Deere In Headlights After Guidance Cut: Sees 10% Sales Drop Due To “Downturn In Global Farm Economy”
According to the company’s announcement, equipment sales are projected to decrease about 10% for fiscal 2016 and to be down about 8 percent for the second quarter compared with the same period a year ago.
Here is how CEO Samuel Allen tried to spin the cut in guidance which DE had previously seen at just -7%: “Although Deere expects another challenging year in 2016, our forecast represents a level of performance much better than we have experienced in previous downturns,” Allen said.

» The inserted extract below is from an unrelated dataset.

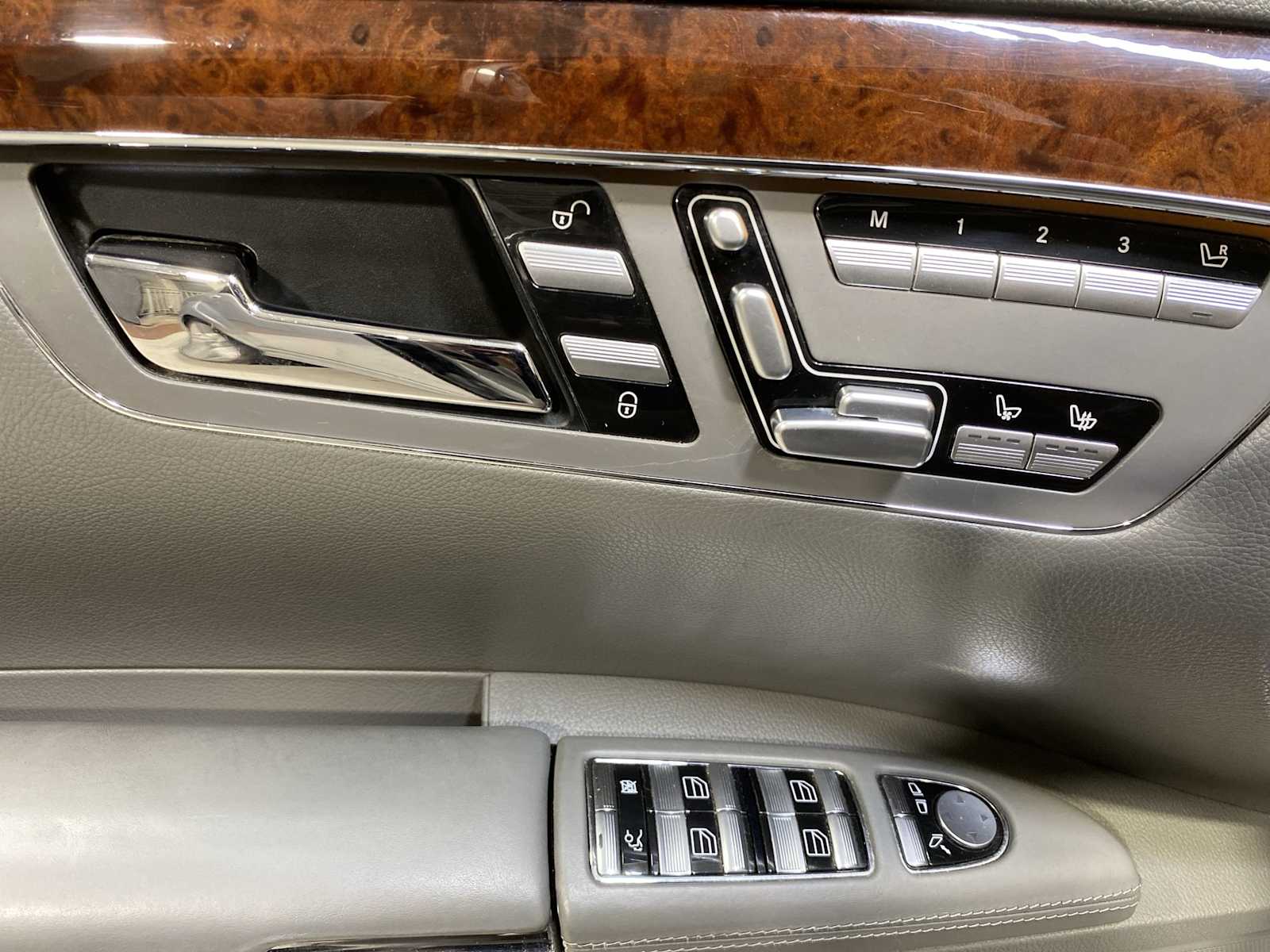 Thumbnail: 2008 Mercedes-Benz S-Class - 23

Downturn? We thought the Fed was hiking because of the “strong recovery.”
Some more details: Deere cuts 2016 U.S. farm cash receipts forecast to $381.3b, had seen $394.4b (Nov. 25)
- Cuts 2016 U.S. farm net cash income to $90.8b, had seen $106.9b (Nov. 25)
- Sees yr U.S. farm commodity price:
- Corn 2015/16 $3.60/bushel vs prior $3.65
- Wheat 2015/16 $5.00/bushel, unchanged
- Soybeans 2015/16 $8.80/bushel vs prior $8.90
- Cotton 2015/16 60c/pound vs prior 59c
- Cuts DE 2016 capex outlook to ~$775m from ~$800m
“This illustrates the impact of our efforts to establish a more durable business model and a wider range of revenue sources.”
Alas, a 10% drop in revenue does not validate the “durable business model” with more revenue sources.